Micrologie d’une décadence
Me voilà donc au bout du monde, aux Marquises, écrivant face à l’océan Pacifique. Pour quoi faire ? Lire ou relire Segalen est intéressant, certes. Découvrir la pensée de Gauguin, qui semble avoir ouvert la voie intellectuelle à Segalen à une époque où il se cherche et doute de lui, présente également un intérêt, mais pourquoi vouloir faire l’archéologie de cette vision du monde ?
Segalen est poète et archéologue, voyageur et sinologue, ethnologue et romancier, mais aussi penseur et philosophe en dehors des clous de la pensée telle que l’Institution la définit. Il n’est pas un professionnel de la profession, comme dirait l’autre, ce qui en fait une figure attachante à mes yeux. Il vit sa pensée, il pense sa vie, il ne croit pas aux concepts détachés de la vie philosophique qui les accompagne. Victor Segalen vit pour penser, il pense pour vivre. En ce sens, il s’avère bien plus philosophe que nombre de ceux qu’on étiquette habituellement comme tels.

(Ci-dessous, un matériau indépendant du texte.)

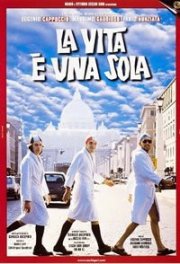 La vita è una sola: la locandina del film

Par ailleurs, il propose des pistes existentielles et ouvre des chemins dont certains sont restés vierges. Parmi ces chemins inempruntés, celui du penseur de civilisation. Certes, on connaît les artilleries lourdes d’un Vico ou d’un Hegel, d’un Toynbee ou d’un Spengler, mais elles sont massives, trop érudites, illisibles à force de détails, saturées de faux marbre intellectuel et de stuc verbal. Au contraire de ces penseurs qui trop embrassent et mal étreignent, Segalen travaille au scalpel, finement : il ne brasse pas des millénaires en mobilisant des références connues de lui seul ou en convoquant des géographies dont on se demande si elles existent vraiment, mais il se penche doucement sur une civilisation et l’examine tel un entomologiste, avec la plume lyrique d’un mythographe.